◆ Source data

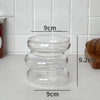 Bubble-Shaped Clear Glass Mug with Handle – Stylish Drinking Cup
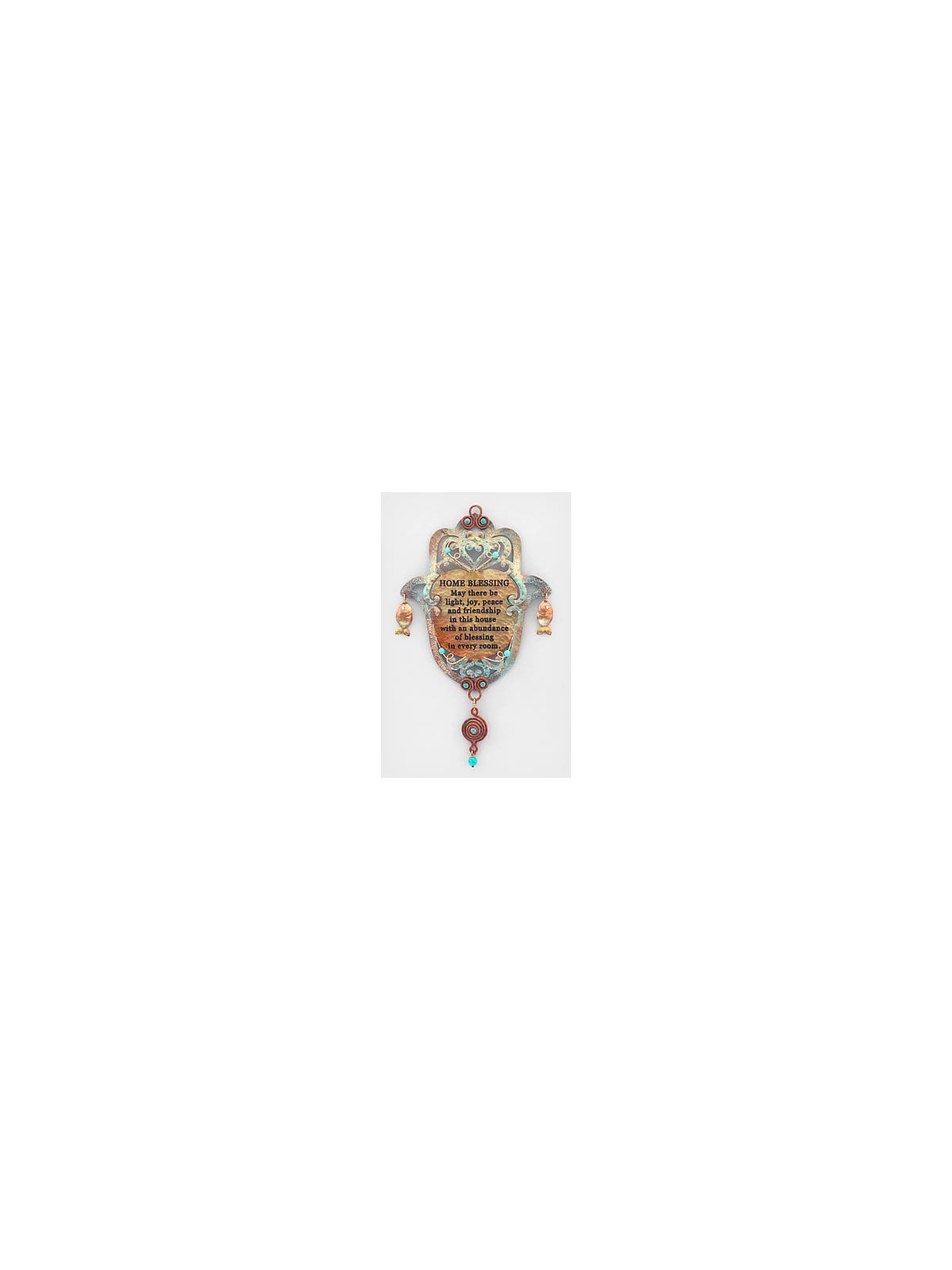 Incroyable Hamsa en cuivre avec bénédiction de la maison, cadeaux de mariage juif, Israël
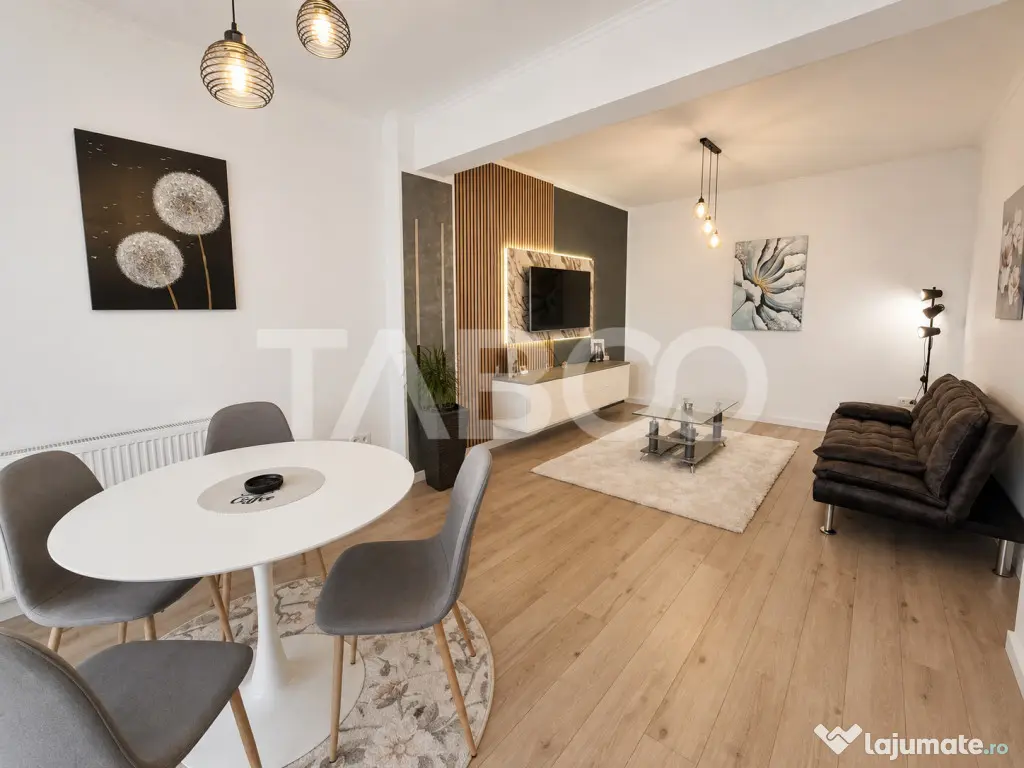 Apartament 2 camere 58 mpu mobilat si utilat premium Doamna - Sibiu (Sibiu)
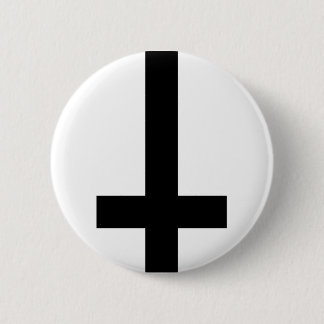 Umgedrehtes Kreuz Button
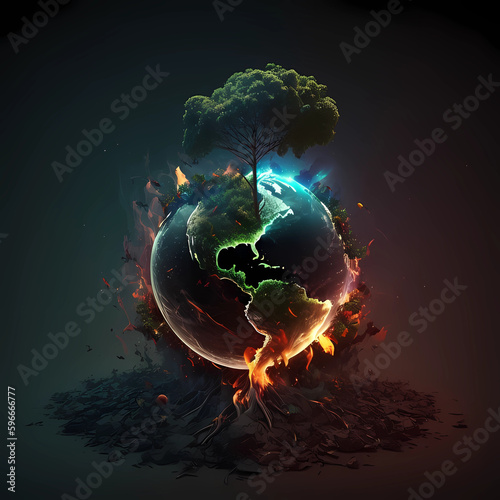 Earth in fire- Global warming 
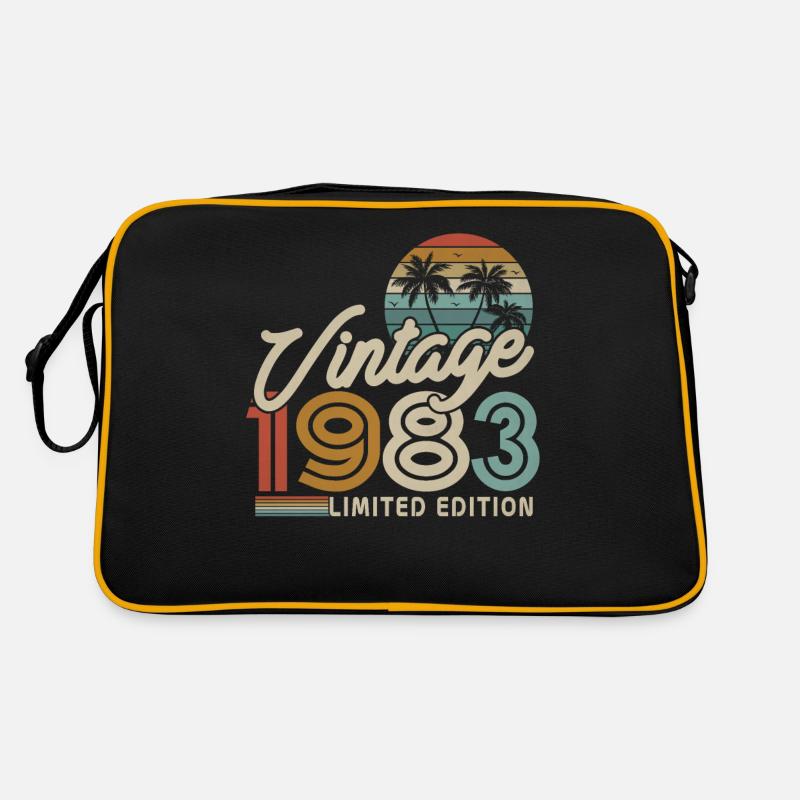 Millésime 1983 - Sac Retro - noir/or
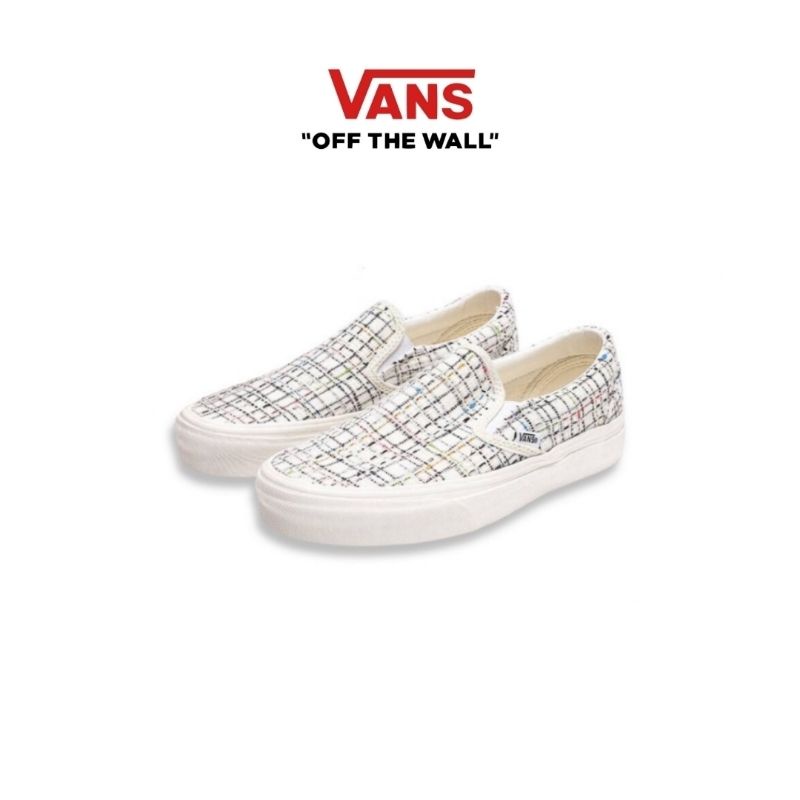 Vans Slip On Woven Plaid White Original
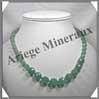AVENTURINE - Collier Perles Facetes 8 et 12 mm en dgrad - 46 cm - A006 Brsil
* * *
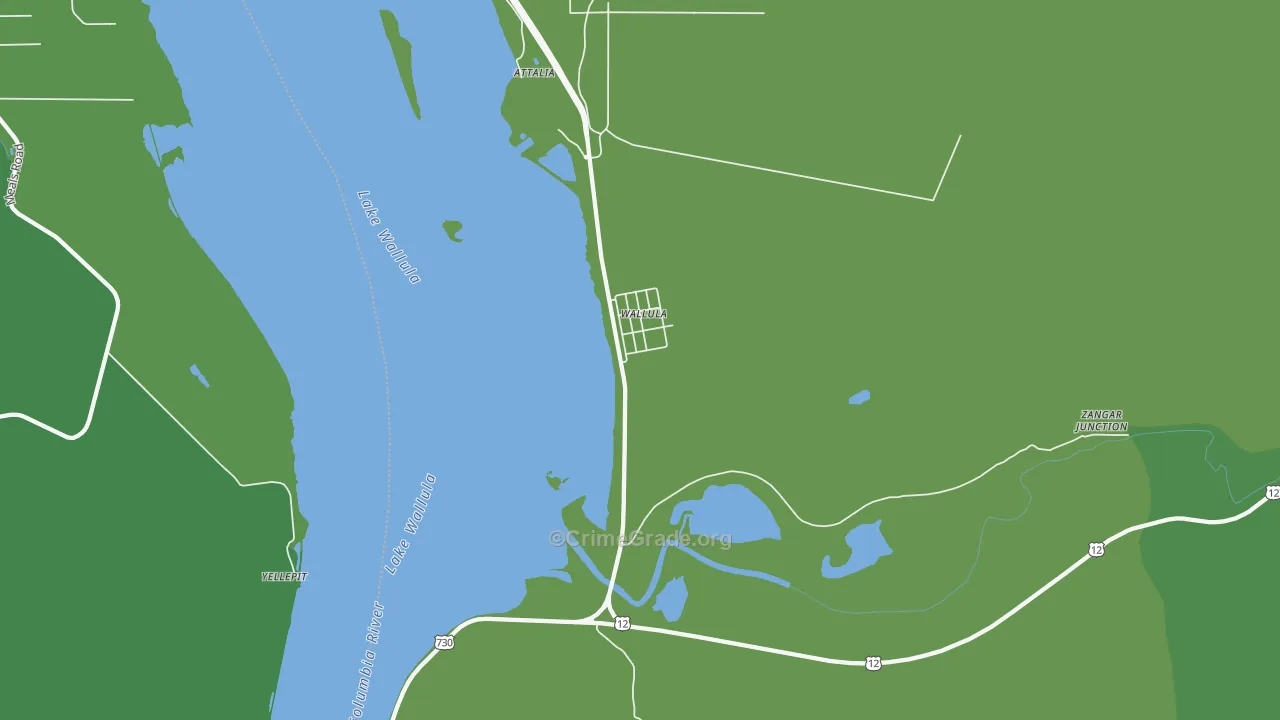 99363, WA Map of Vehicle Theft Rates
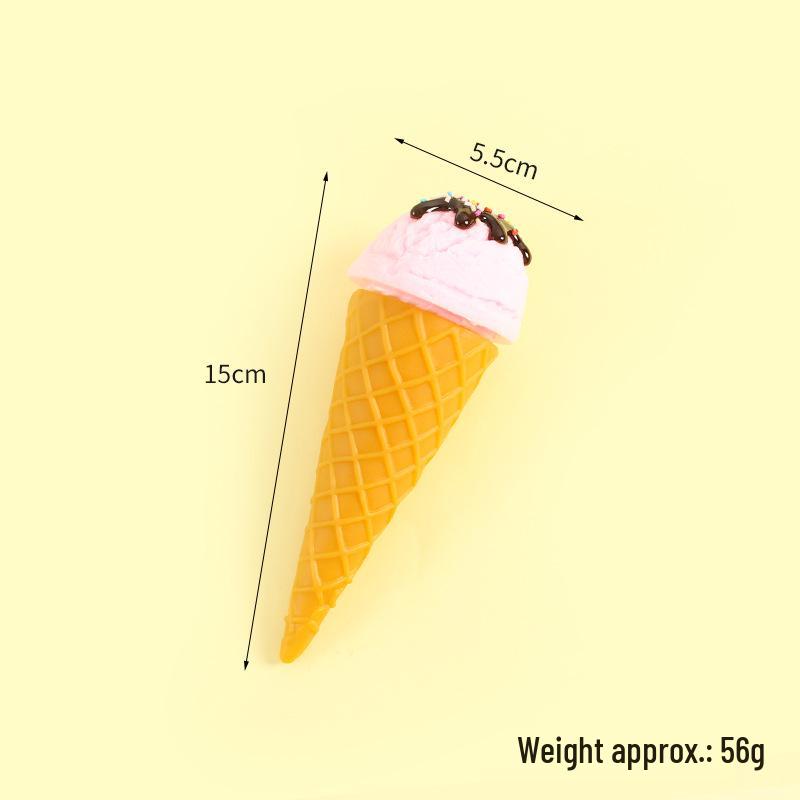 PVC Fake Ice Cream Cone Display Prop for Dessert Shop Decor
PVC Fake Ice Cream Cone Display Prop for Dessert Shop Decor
==
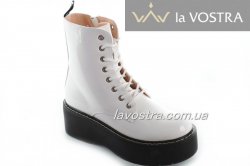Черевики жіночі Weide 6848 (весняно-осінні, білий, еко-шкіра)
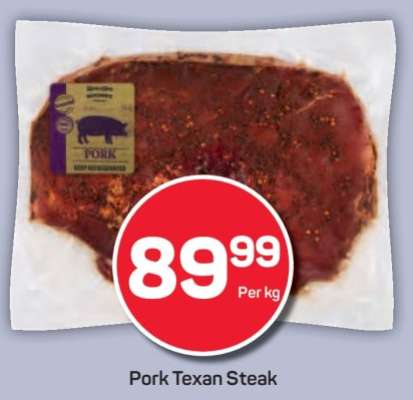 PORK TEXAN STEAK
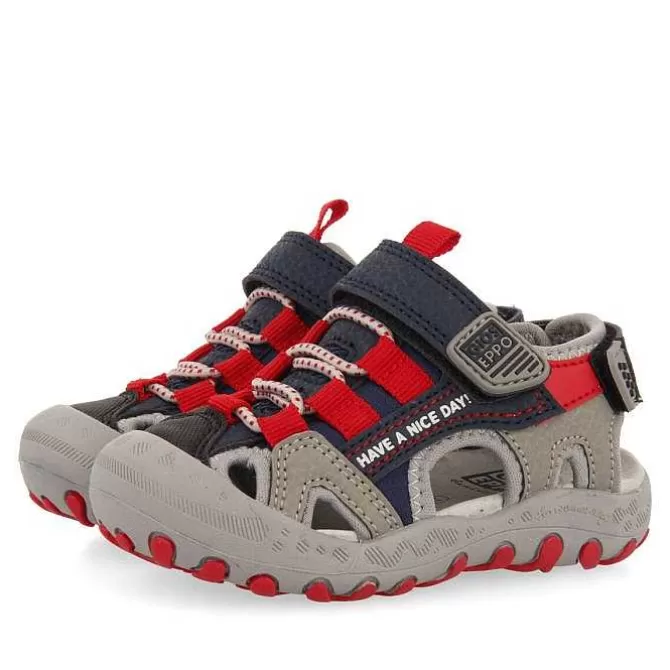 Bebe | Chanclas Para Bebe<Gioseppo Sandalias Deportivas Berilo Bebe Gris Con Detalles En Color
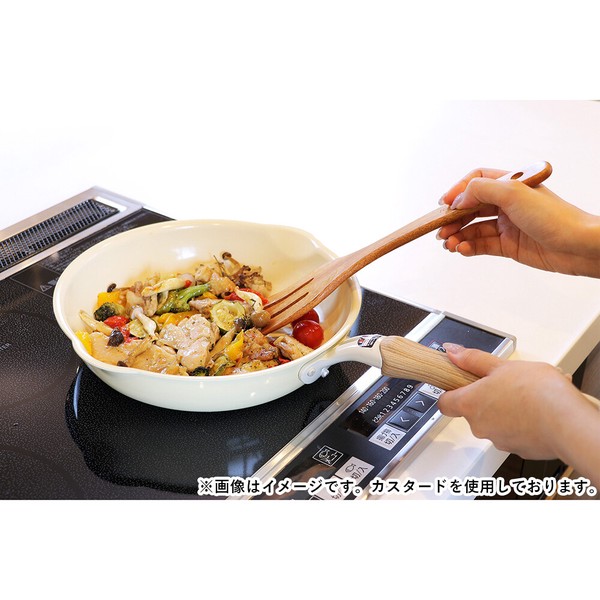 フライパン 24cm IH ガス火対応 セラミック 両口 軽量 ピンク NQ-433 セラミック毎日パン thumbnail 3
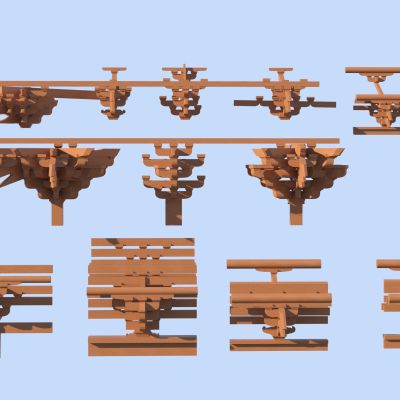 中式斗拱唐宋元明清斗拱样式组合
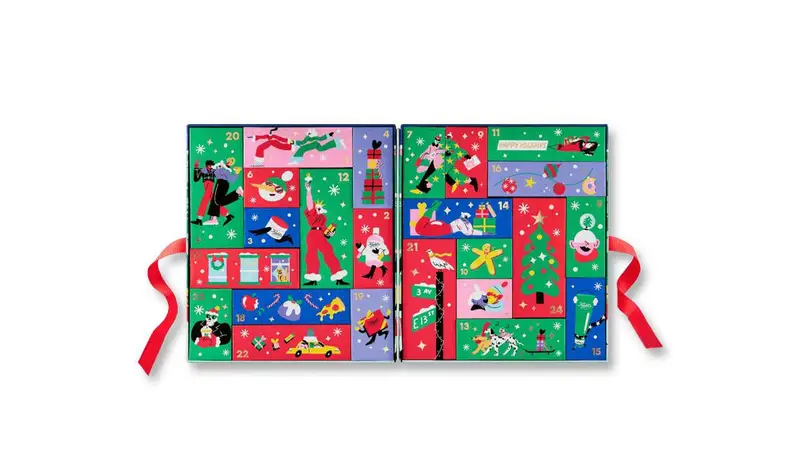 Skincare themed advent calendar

◆ Task to carry out
Pictures aside, print exactly the lines above starting with the one containing "フライパン 24cm IH" and going on through the one containing "Skincare themed advent calendar".

◆ Task answer
 フライパン 24cm IH ガス火対応 セラミック 両口 軽量 ピンク NQ-433 セラミック毎日パン thumbnail 3
 中式斗拱唐宋元明清斗拱样式组合
 Skincare themed advent calendar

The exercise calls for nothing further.